Measurement Error Mitigation for Variational Quantum Algorithms
George S. Barron, Christopher J. Wood

TL;DR
This paper explores measurement error mitigation techniques for Variational Quantum Algorithms, demonstrating improved cost function estimates and characterizing measurement errors on devices with up to 20 qubits, advancing near-term quantum computing.
Contribution
It applies recent measurement error mitigation methods to VQAs and experimentally characterizes measurement errors related to device connectivity on larger quantum devices.
Findings
Improved expectation value estimates using error mitigation.
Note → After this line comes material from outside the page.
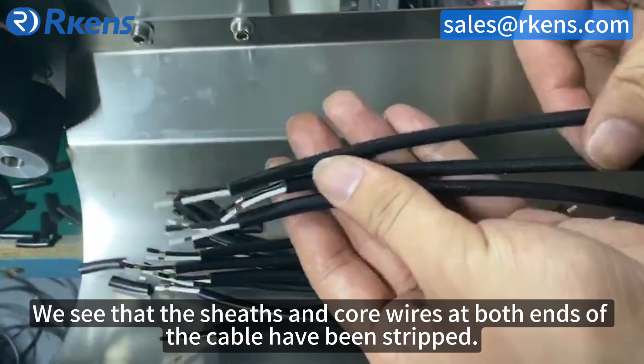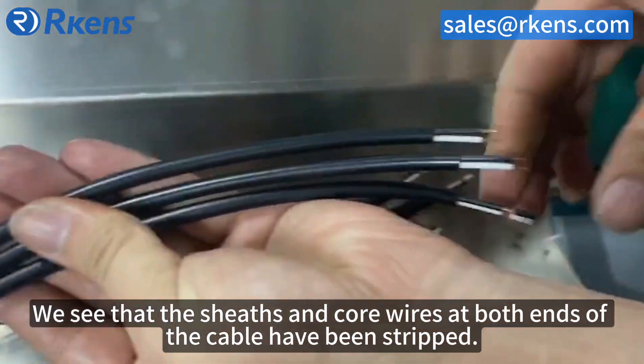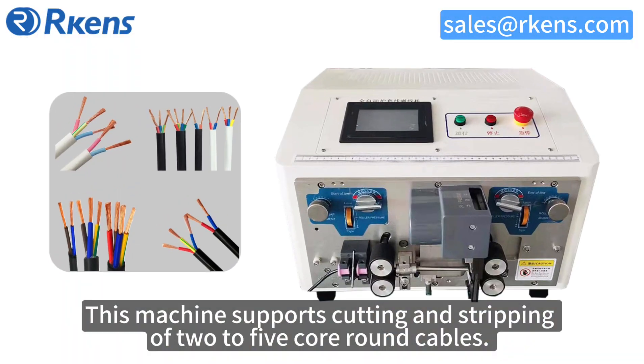We can see that the sheets and core wires at both ends of the cable have been stripped. This machine supports cutting and stripping of 2 to 25-core round cables.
Characterization of measurement errors based on device connectivity.
Demonstrated effectiveness on devices with up to 20 qubits.
Abstract
Variational Quantum Algorithms (VQAs) are a promising application for near-term quantum processors, however the quality of their results is greatly limited by noise. For this reason, various error mitigation techniques have emerged to deal with noise that can be applied to these algorithms. Recent work introduced a technique for mitigating expectation values against correlated measurement errors that can be applied to measurements of 10s of qubits. We apply these techniques to VQAs and demonstrate its effectiveness in improving estimates to the cost function. Moreover, we use the data resulting from this technique to experimentally characterize measurement errors in terms of the device connectivity on devices of up to 20 qubits. These results should be useful for better understanding the near-term potential of VQAs as well as understanding the correlations in measurement errors on…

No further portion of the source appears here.